Michiko Itatani

MORE DETAILS

Michiko Itatani

Originally from Japan, Michiko Itatani asserts that she is a “made in America” artist. Her paintings reflect her lifelong interest in science fiction and the cosmic and are inhabited by hovering circles of light that suggest a spirit, a possibility, a place to go, Infinite Hope. She considers herself an optimist despite news that increasingly is discouraging about the state of our planet. Itatani believes in the best of humankind, science, music, and art. Her paintings are a kind of visual prayer, imploring and inspiring humankind to leave Planet Earth not only livable but healthy and thriving for future generations.

Based in Chicago, Michiko Itatani received her MFA from the Art Institute of Chicago and subsequently taught Painting and Drawing at her alma mater until her retirement in 2019. Always prolific, Itatani’s focus continues to be on her studio practice.

Michiko Itatani’s work has been seen in more than a hundred solo and group exhibitions nationally and internationally since 1973. Her works are in many corporate, public, and private collections, including those of The Art Institute of Chicago; Museum of Contemporary Art, Chicago; Olympic Museum, Switzerland; Villa Haiss Museum, Germany; Musèe du Quebec, Canada; Museu D’art Contemporani (MACBA), Barcelona; Hyogo Art Museum, Kobe, Japan; National Museum of Contemporary Art, Seoul, Korea.

Michiko Itatani has received Illinois Arts Council Artist’s Fellowships, a National Endowment for the Arts Fellowship, a Marie Sharp Walsh New York Studio Grant, and a John Simon Guggenheim Fellowship. She received the 2020 Lifetime Achievement Award from the Woman’s Caucus for Art together with Joyce Fernandes, Judy Onofrio, Alison Saar and Judith Stein. Her work is held in the public collections of the The Museum of Contemporary Art, Chicago, IL; Art Institute of Chicago, IL; Daum Museum of Contemporary Art, Sedalia, MO; Wright Museum, Beloit, WI; Erie Art Museum, Erie, PA; Olympic Museum, Lausanne, Switzerland; American Embassy Permanent Collection, Brasilia, Brazil; Villa-Haiss-Museum, Zell am Harmersback, Germany; Tokoha Museum, Shizuoka, Japan; National Museum of Contemporary Art, Korea; Musee du Quebec, Quebec, Canada; Museu D’art Contemporani (MACBA), Barcelona, Spain and others.

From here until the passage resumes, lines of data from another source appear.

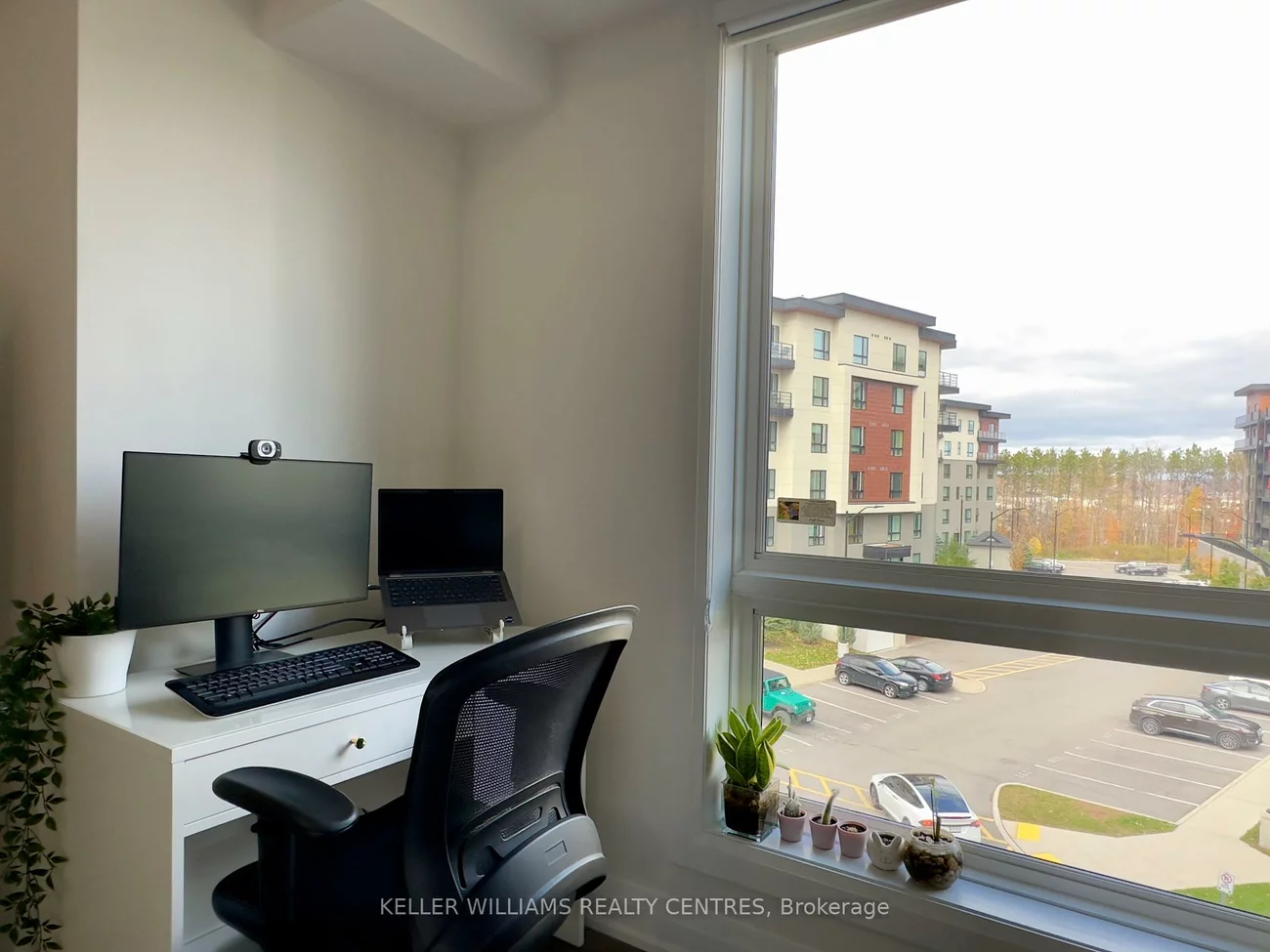 304, Essa, Ardagh, Barrie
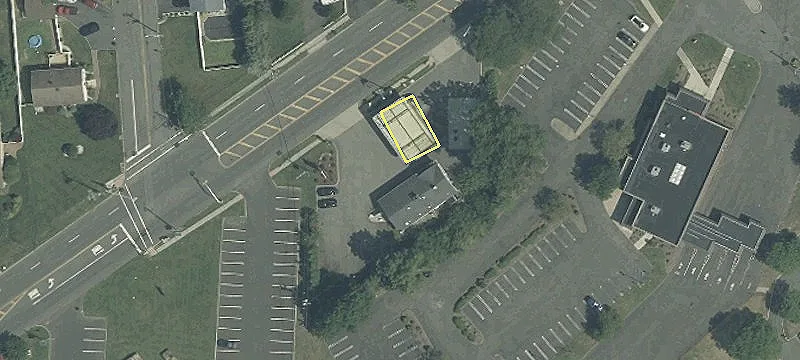 615 Main St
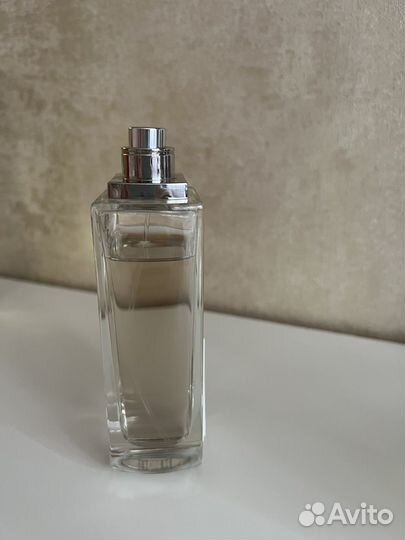 Духи женские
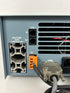 Melcor MTCA Series Thermoelectric Temperature Controller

Michiko Itatani is clearly of her time in addressing the issues of fragmentation and continuity as an inescapable fact of twentieth century life. The themes of physical and spiritual confinement versus transcendence are effectively used as examples of duality’s within a united whole. These outer and inner voices form the pulse of our life experiences. Ms. Itatani’s important works speak to this struggle within the human condition and our attempts to make sense out of chaos.” – Ed Paschke, catalogue essay for the exhibition at the Wright Museum of Art, WI 1994

“Her painting has been idiosyncratic from the beginning, because it was not her expected profession but something discovered after her arrival in the U.S. (from Japan). Her intention was to study philosophy, and perhaps it is the philosophy, and perhaps philosophical approach to experience – observing, comparing, weighing, analyzing, looking for relationships and consistencies and meaning, turning both the phenomenon and the expression of it over and over in search for resolution – that underpins her art.” – Janet Kopolos, “The Sea of Uncertainty” catalogue essay for Michiko Itatani -Paintings since 1984, Chicago Cultural Center, 1992.